Ferrol is a coastal comarca in the northwest of the province of A Coruña, Galicia, Spain. It is also known as Ferrolterra. The area is 613.4 km^{2}, and the overall population of this comarca was 161,154 at the 2011 Census; the latest official estimate (at the start of 2018) was 153,776.

==Municipalities==

It is composed of 11 municipalities, two of which are considered cities (Ferrol and Narón).

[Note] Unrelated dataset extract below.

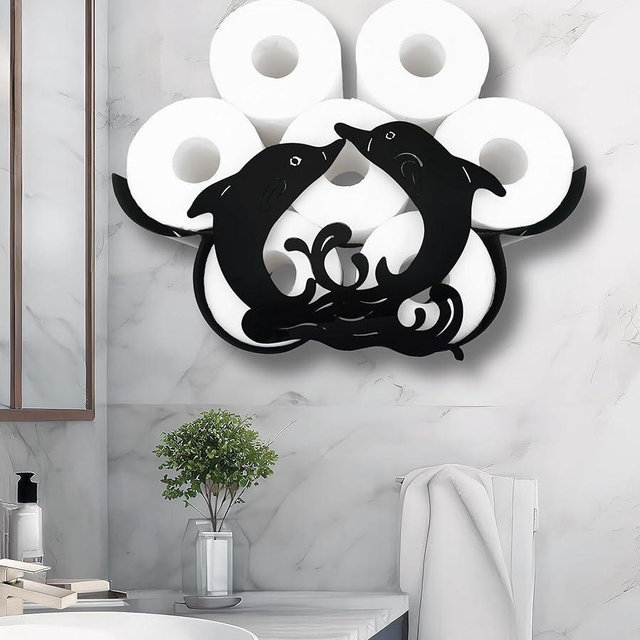 Euiroet Dolphin Wall-Mounted Toilet Paper Holder: Stylish Bathroom Storage for 8 Rolls, Decorative Metal Design, Corrosion Resistant, Easy to Assemble, Space-Saving & Whimsical Dolphin Accent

Six municipalities (Ferrol, Ares, Fene, Mugardos, Narón and Neda) provide the urban division of the comarca as they form the urban area located around Ferrol Bay. These towns are very dependent on Ferrol and Narón and are closely connected between themselves.

The more rural zone to the east and north consists of Valdoviño, Moeche, Somozas and San Sadurniño municipalities. Finally the area of Cedeira, which forms a small zone by itself along the north coast, has much in common with the Ortegal Comarca to its east.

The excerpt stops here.